DATA TO USE:
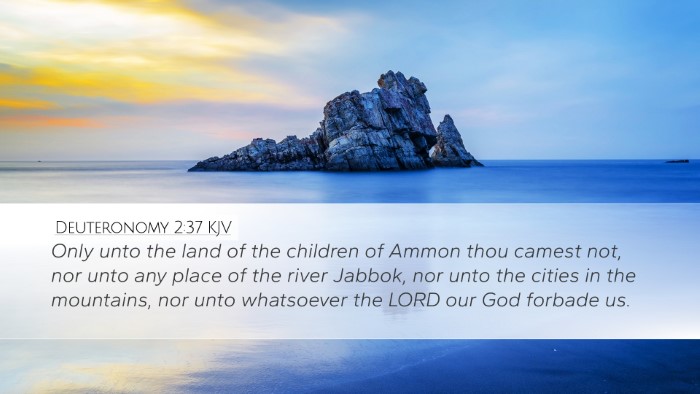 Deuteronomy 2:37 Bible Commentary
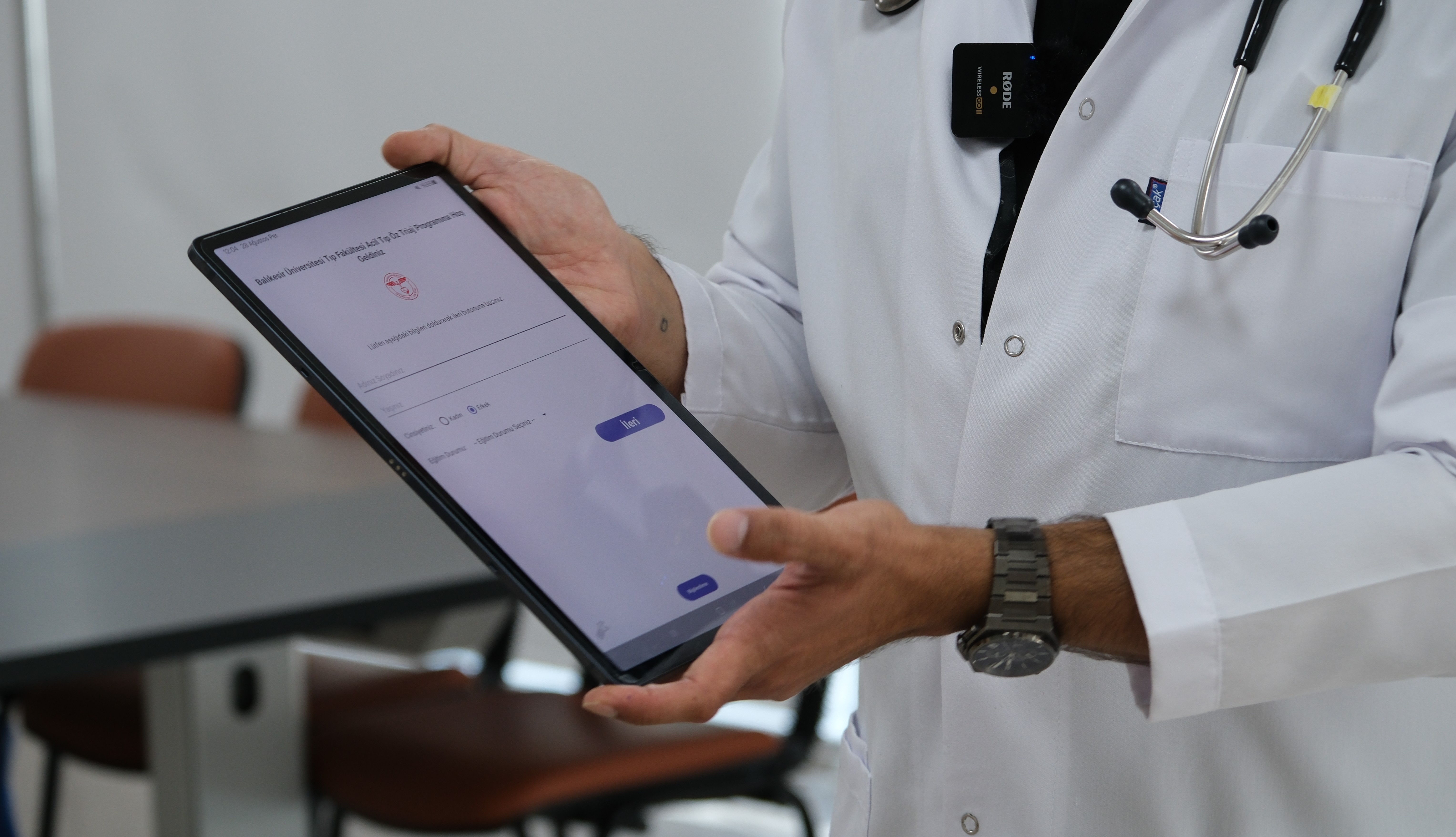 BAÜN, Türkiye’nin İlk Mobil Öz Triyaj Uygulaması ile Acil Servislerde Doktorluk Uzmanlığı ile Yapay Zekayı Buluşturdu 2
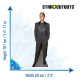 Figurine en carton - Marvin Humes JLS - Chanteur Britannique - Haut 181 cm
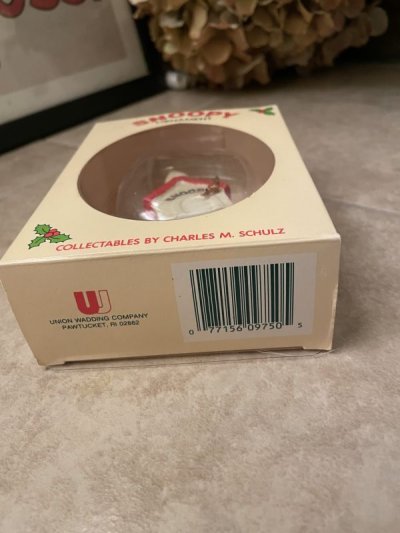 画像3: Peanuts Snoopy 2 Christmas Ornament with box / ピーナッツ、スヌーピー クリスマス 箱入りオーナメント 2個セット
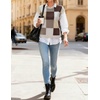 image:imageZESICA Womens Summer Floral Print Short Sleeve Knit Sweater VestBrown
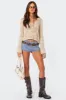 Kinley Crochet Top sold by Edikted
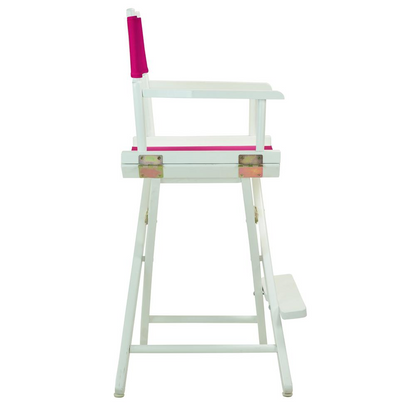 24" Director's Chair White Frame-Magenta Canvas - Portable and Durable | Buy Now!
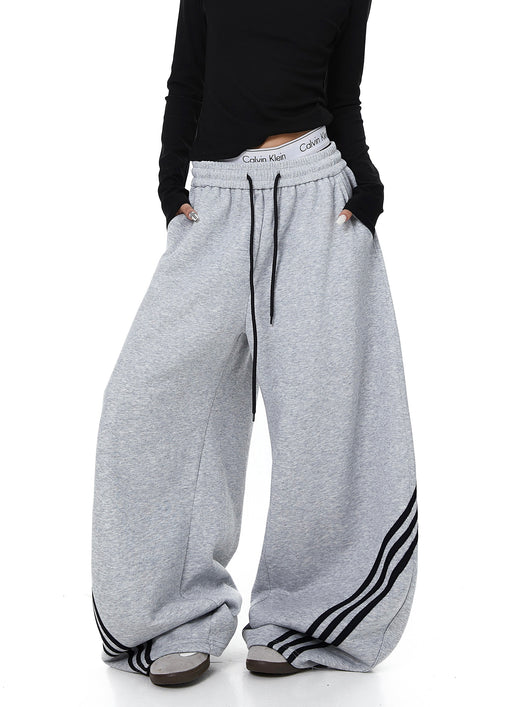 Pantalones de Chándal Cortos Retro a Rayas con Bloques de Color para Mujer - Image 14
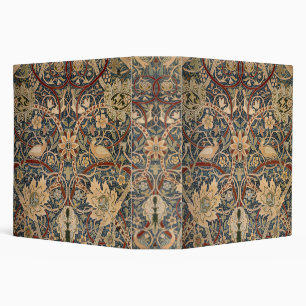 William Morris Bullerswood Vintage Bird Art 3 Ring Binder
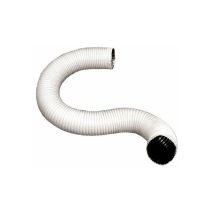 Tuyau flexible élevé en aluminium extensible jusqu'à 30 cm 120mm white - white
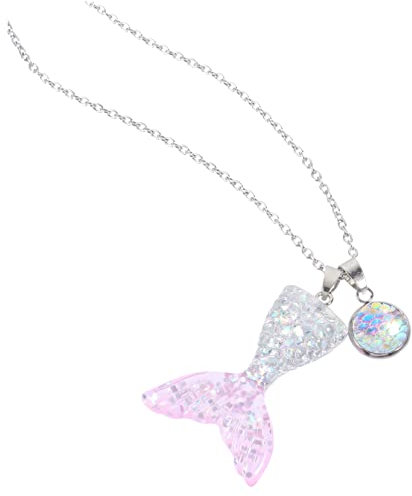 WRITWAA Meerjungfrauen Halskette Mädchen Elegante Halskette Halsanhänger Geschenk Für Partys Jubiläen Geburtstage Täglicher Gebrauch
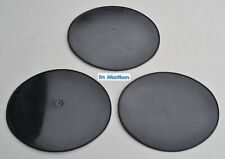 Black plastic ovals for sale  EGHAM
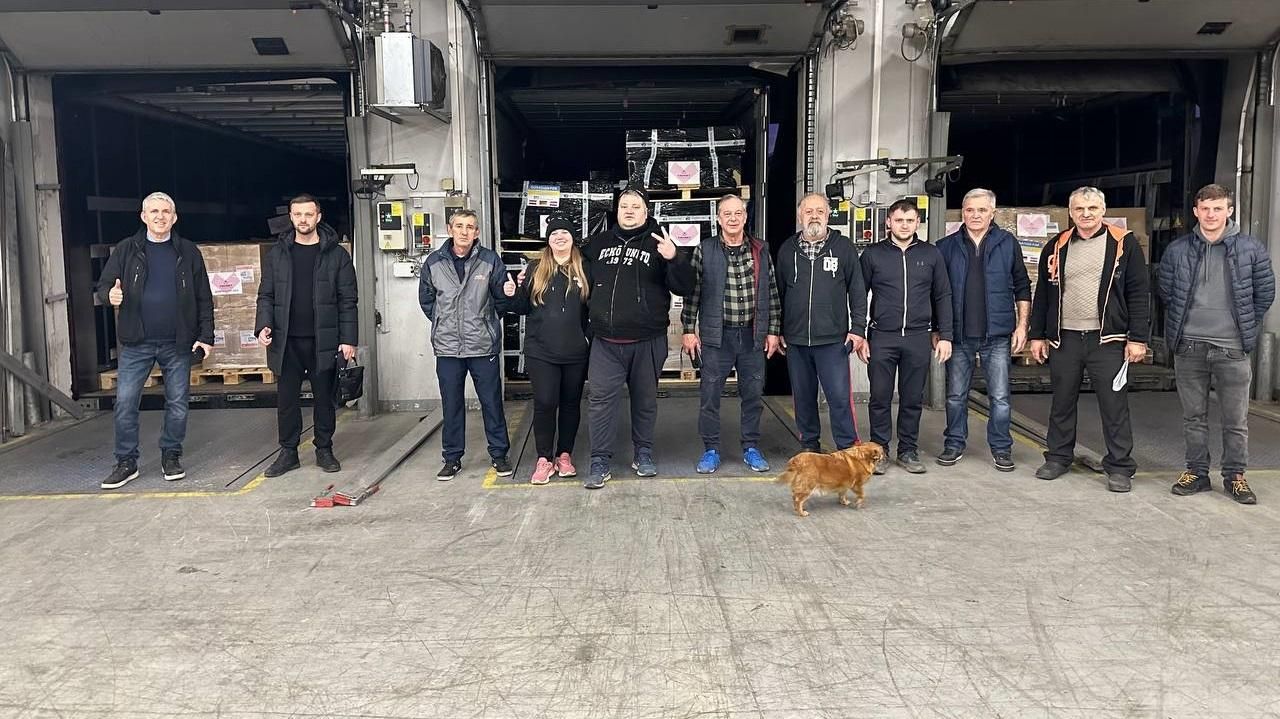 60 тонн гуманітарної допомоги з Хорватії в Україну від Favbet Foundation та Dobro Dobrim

TASK INSTRUCTIONS: Begin with the line containing "Durable | Buy Now!", stop at the last line of the records above, and copy every line in between exactly, both ends included, with no pictures.

OUTPUT OF THE TASK:
 24" Director's Chair White Frame-Magenta Canvas - Portable and Durable | Buy Now!
 Pantalones de Chándal Cortos Retro a Rayas con Bloques de Color para Mujer - Image 14
 William Morris Bullerswood Vintage Bird Art 3 Ring Binder
 Tuyau flexible élevé en aluminium extensible jusqu'à 30 cm 120mm white - white
 WRITWAA Meerjungfrauen Halskette Mädchen Elegante Halskette Halsanhänger Geschenk Für Partys Jubiläen Geburtstage Täglicher Gebrauch
 Black plastic ovals for sale  EGHAM
 60 тонн гуманітарної допомоги з Хорватії в Україну від Favbet Foundation та Dobro Dobrim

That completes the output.